Friday, June 24, 2016

I woke up in my caravan at Glastonbury Music Festival, headed to the toilet and while doing my business read the news I was dreading. The Leave campaign had won the Brexit referendum by 51% to 49%. After getting dressed and kissing my sleeping partner and kids goodbye I headed off to work in the beautiful Somerset fields. At our office my colleagues were standing around in stunned silence, staring at their phones and shaking their heads in disbelief. No-one could believe it.

Still, there was work to be done. Stages to finish, sound systems to tweak, lights to be focused – all to get ready for another year of high-profile artists from around the world to perform at the biggest and most international festival of contemporary arts on the globe. 

My youngest son was little more than a year old at the time. Over the next year as he began to talk, one of his earliest words was ‘Brexit’. He confused it with ‘breakfast’ – most likely due to hearing it on the radio all the time, as well as the regular conversations his Italian mother and I were having about it. ‘Want Brexit!’ ‘More Brexit!’ ‘Where’s Brexit?’ Oh how we laughed, while we searched for details on how my partner was going to get ‘settled status’ even after living in the UK for 25 years, owning a property, paying UK tax and having British born children. 

January 2017

We left the UK for a 4 month trip to SE Asia while the news was reporting government figures showing a 29% increase in hate crime since the referendum.

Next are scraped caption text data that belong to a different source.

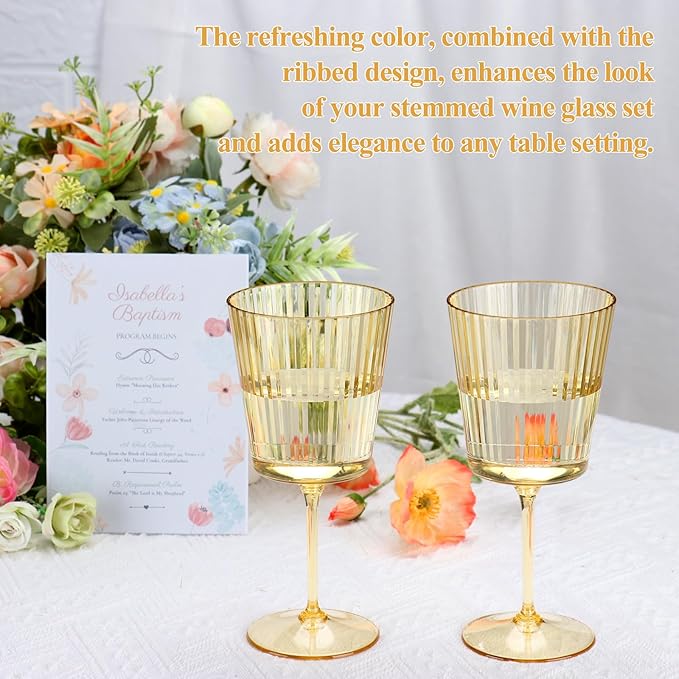 12 PCS Gold Ribbed Plastic Wine Glasses 13.5 OZ Ribbed Wine Glasses Detachable Wine Glass Elegant Fluted Glassware Vintage Style for Wedding Anniversary Birthday Dinner Parties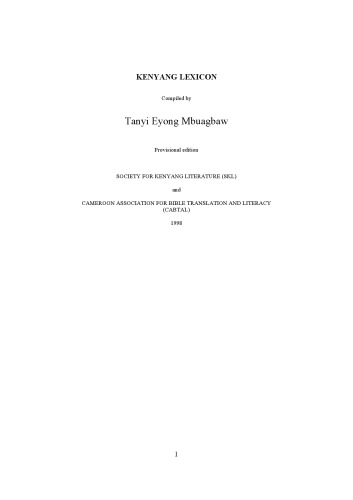 Kenyang Lexicon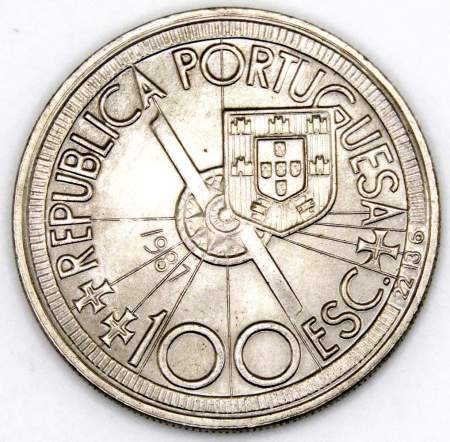 Монета 100 эскудо 1987 года, Диогу Кан «Золотой век открытий», Португалия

British social media was in meltdown with long standing friendships falling apart and families refusing to talk to each other over their opposing stances on Brexit. Things started to look bleak, and while sitting on Ao Yon beach in Phuket, we decided to make a permanent exit from the UK. 

September 2017

We arrived back in Phuket to start a new life, leaving behind our friends and family in the UK and Europe. Having lived in London for nearly 30 years, a huge amount of our friends are European. Many have now left the UK for reasons such as job security, difficulty obtaining settled status, or just through fear of the rise in hostility that the UK now offers to non-Brits.

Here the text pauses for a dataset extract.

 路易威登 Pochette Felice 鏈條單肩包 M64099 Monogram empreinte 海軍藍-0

On the flip side, we have many British friends who have made their lives in Europe and are now scrambling, amidst huge uncertainty, to secure their chosen life paths in Germany, Austria, Spain, France, Poland, Bulgaria, Portugal, Italy, Denmark, Czech Republic and more. It’s a total mess – and that’s just friends that we know.

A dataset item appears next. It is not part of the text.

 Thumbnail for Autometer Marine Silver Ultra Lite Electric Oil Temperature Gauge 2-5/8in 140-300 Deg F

Going back to the music industry – one of Great Britain’s finest assets – we now have titans of the business tearing their hair out at the problems being faced in dealing with international artists performing in the UK. In fact, even before any Brexit legislation has been implemented. The ‘hostile environment’ forged by former Home Secretary turned PM Theresa May led Peter Gabriel, co-founder of the WOMAD festival of world music to say in 2018.

“Musicians travel for a living, and almost everywhere I have travelled I have been met with kindness and generosity. Do we really want a white-breaded Brexited flatland? A country that is losing the will to welcome the world?”

Non-Brits may well be wondering how a slight majority of the UK electorate came to the conclusion that we would be better off outside the biggest and most successful trading bloc in history. And it’s a very good question.

The simple answer is that the UK population has been drip fed anti-EU propaganda for the best part of thirty years. Starting back in the 80s with nefarious stories about rules on the shape of bananas to more recent hysteria about limiting the power of vacuum cleaners and kettles, the British public have succumbed to a relentless portrayal of ‘foreign interference’ and ‘Brussels meddling’ which has manifested a narrative that the UK no longer has any power and has lost its ‘sovereignty’. It only took a few extra lies on the side of a bus to tip the vote. 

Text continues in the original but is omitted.